§ **Exercise details**
Output the lines of the records exactly, from the first through the one containing "Finding the Most". Omit all pictures.

§ **Working data**
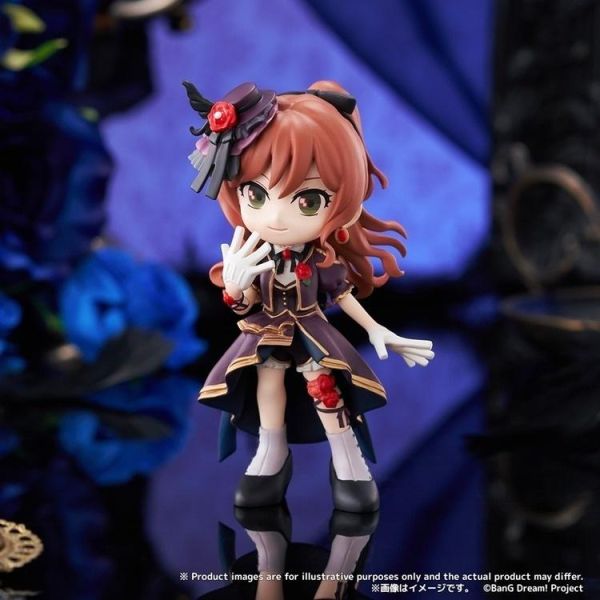 (預購) BUSHIROAD CREATIVE 盲盒 PalVerse  BanG Dream! Roselia 全5種 附特典徽章 一中盒6入販售 20260222 BUSHIROAD CREATIVE 盲盒 PalVerse  BanG Dream! Roselia 全5種 附特典徽章 一中盒6入販售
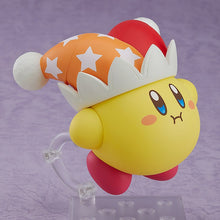 Load image into Gallery viewer, Good Smile Company Kirby's Dream Land Beam Kirby Nendoroid #1055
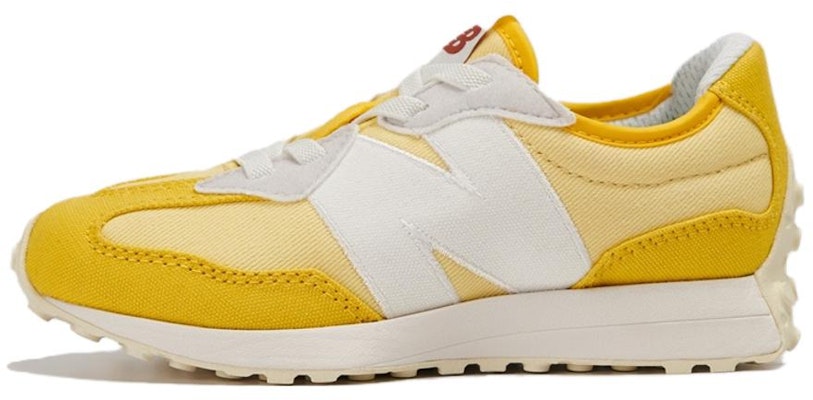 (PS) 뉴발란스 327 옐로화이트 (New Balance 327 Yellow White) NKPMDS148Y Buy (PS) 뉴발란스 327 옐로화이트 (New Balance 327 Yellow White) NKPMDS148Y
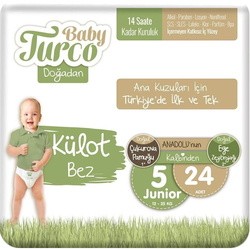 Baby Turco Pants Junior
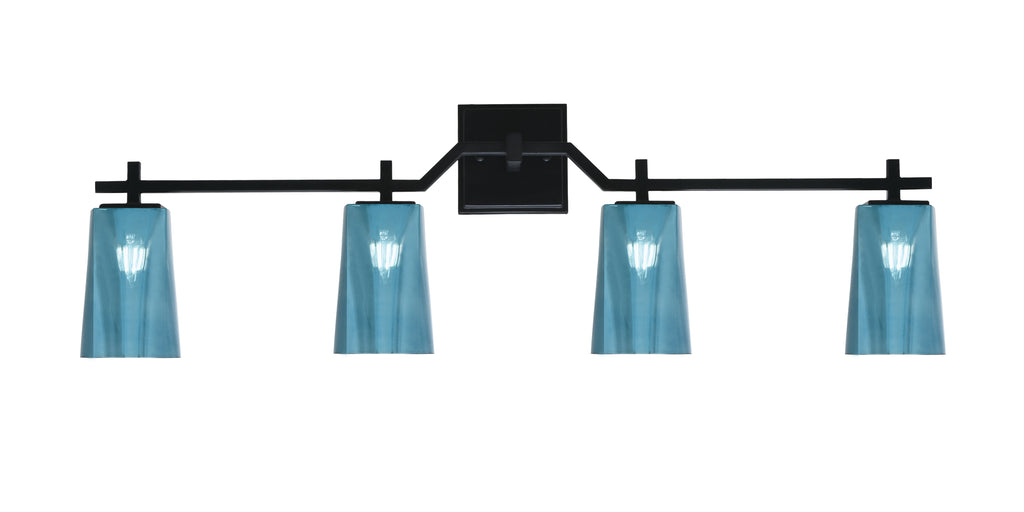 Toltec Lighting | 2314-MB-265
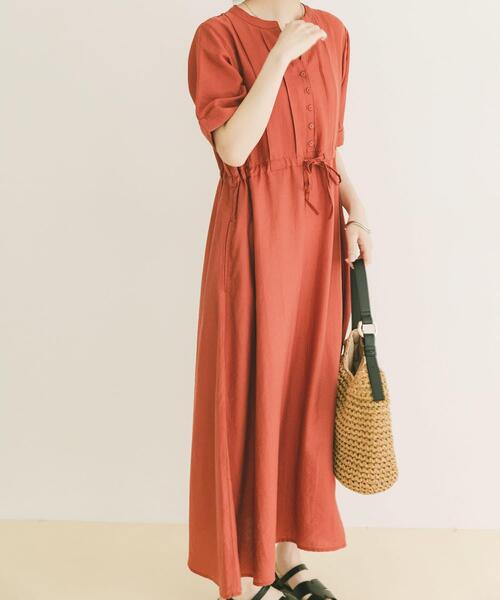 ITEMS URBANRESEARCH（アイテムズ アーバンリサーチ） ワンピース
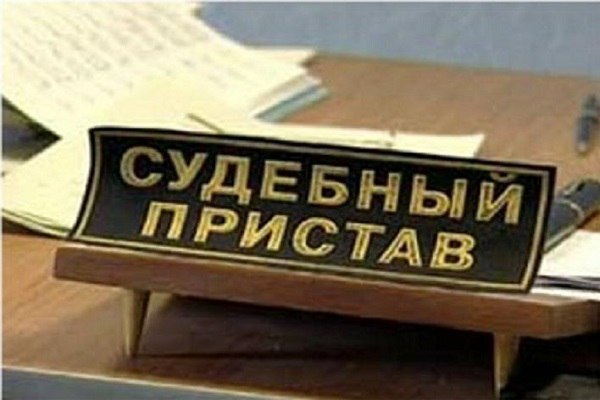  В Ивановской области в зале суда под стражу взят бывший заместитель старшего судебного пристава районного отдела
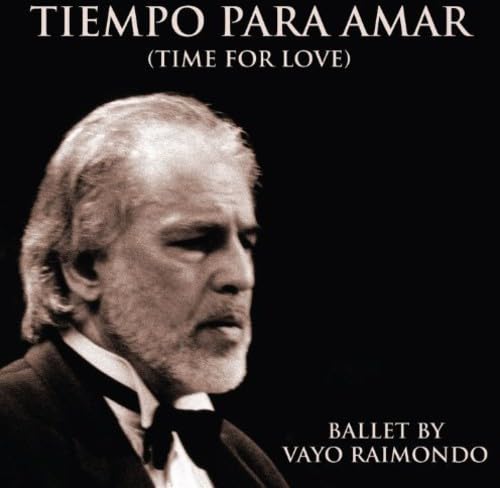 Tiempo Para Amar Tim - CD image 1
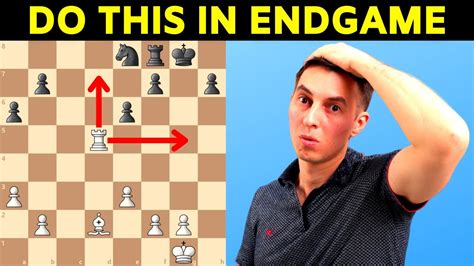 Finding the Most Common Chess Blunders YouTube
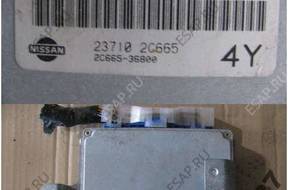 БЛОК УПРАВЛЕНИЯ NISSAN SERENA   0261203367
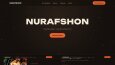 Nurafshon Shashlik – Restoran Web Sitesi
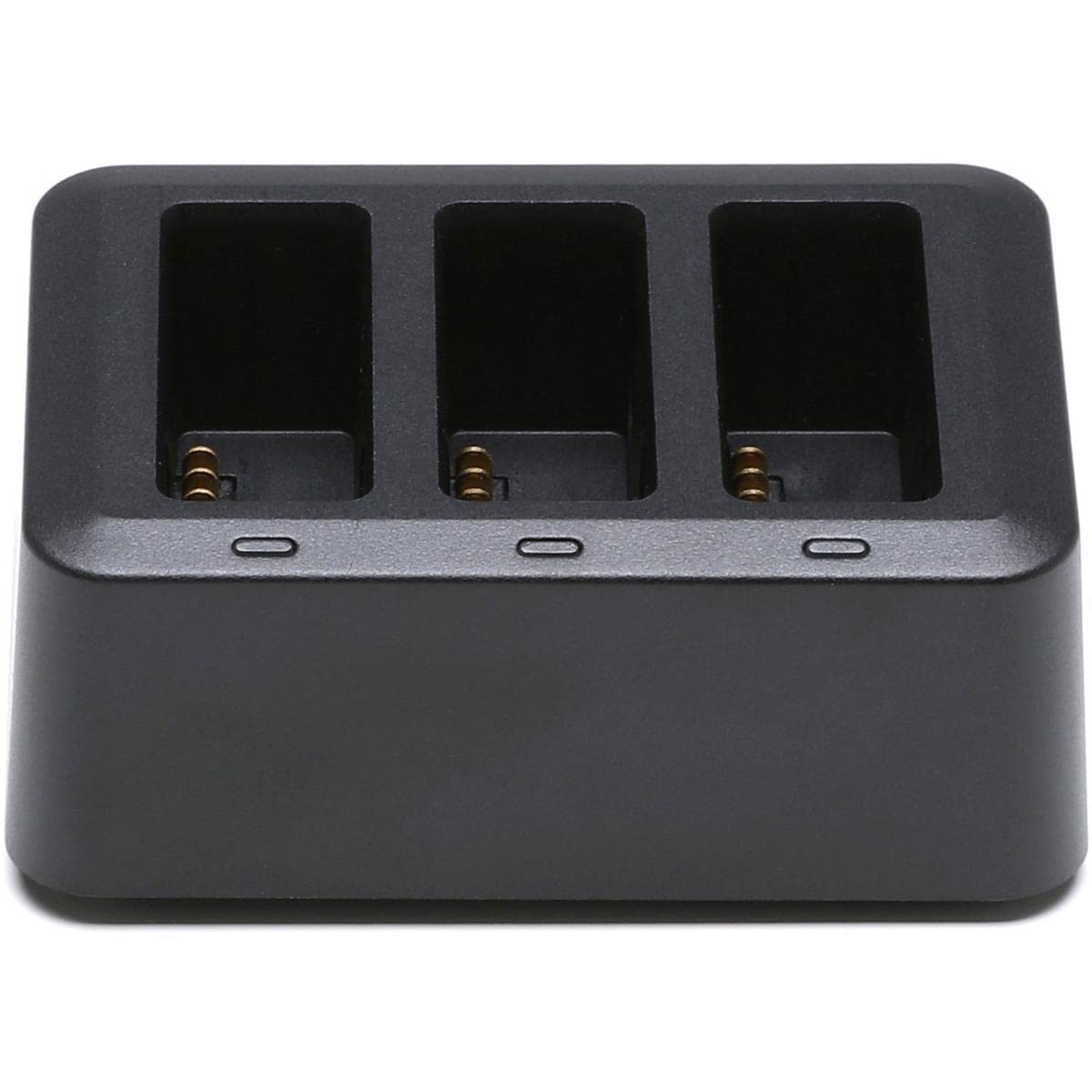 Foto 3 | Centro De Carga De Baterías Dji Tello Drone, Color Negro - Venta Internacional.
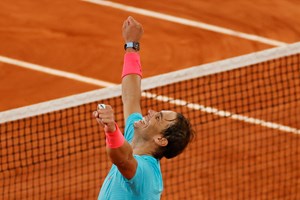 Roland Garros: Nadal vence Djokovic e conquista 13.º título em Paris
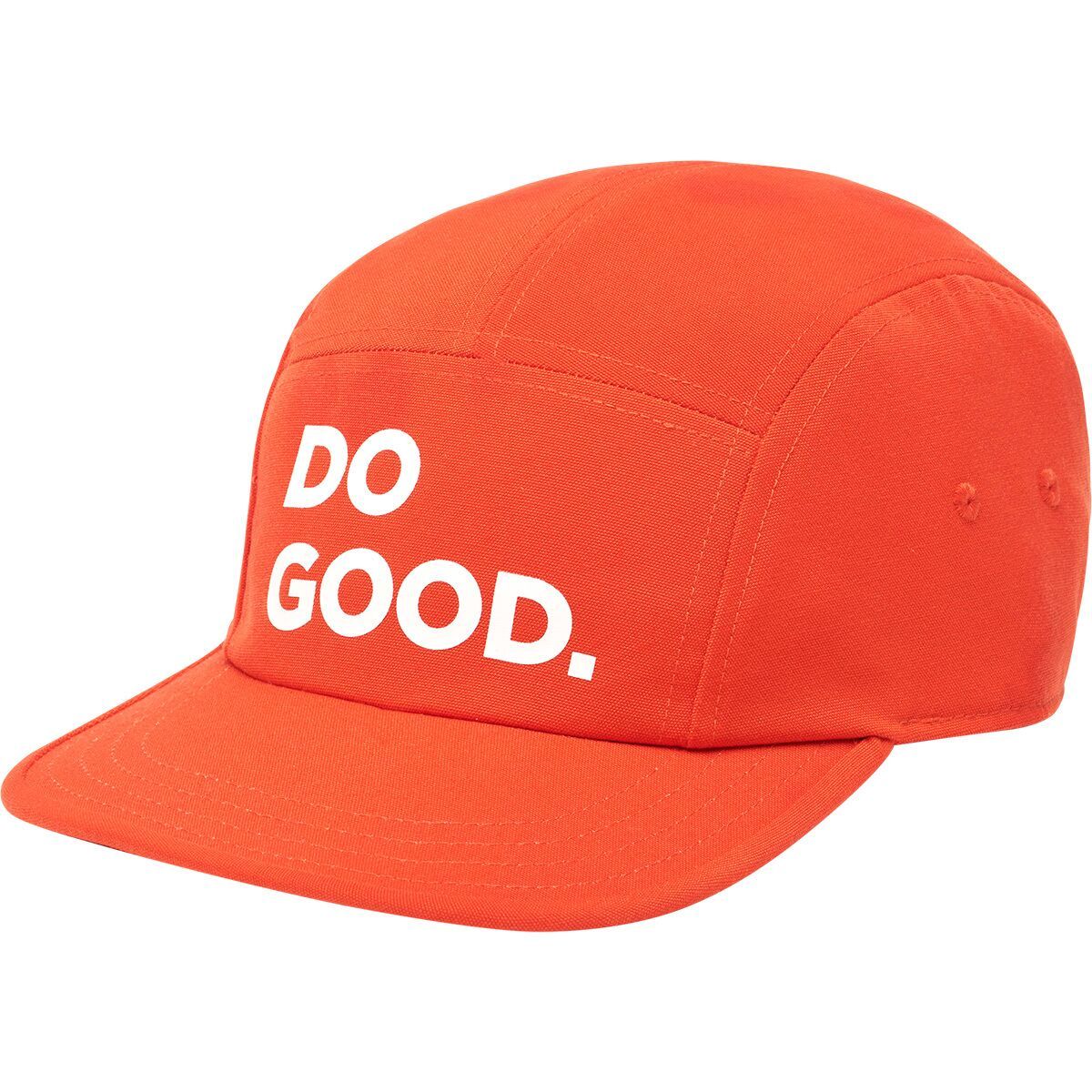 Cotopaxi Do Good 5-Panel Hat Canyon, One Size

§ **Answer to the problem**
 (預購) BUSHIROAD CREATIVE 盲盒 PalVerse  BanG Dream! Roselia 全5種 附特典徽章 一中盒6入販售 20260222 BUSHIROAD CREATIVE 盲盒 PalVerse  BanG Dream! Roselia 全5種 附特典徽章 一中盒6入販售
 Load image into Gallery viewer, Good Smile Company Kirby's Dream Land Beam Kirby Nendoroid #1055
 (PS) 뉴발란스 327 옐로화이트 (New Balance 327 Yellow White) NKPMDS148Y Buy (PS) 뉴발란스 327 옐로화이트 (New Balance 327 Yellow White) NKPMDS148Y
 Baby Turco Pants Junior
 Toltec Lighting | 2314-MB-265
 ITEMS URBANRESEARCH（アイテムズ アーバンリサーチ） ワンピース
  В Ивановской области в зале суда под стражу взят бывший заместитель старшего судебного пристава районного отдела
 Tiempo Para Amar Tim - CD image 1
 Finding the Most Common Chess Blunders YouTube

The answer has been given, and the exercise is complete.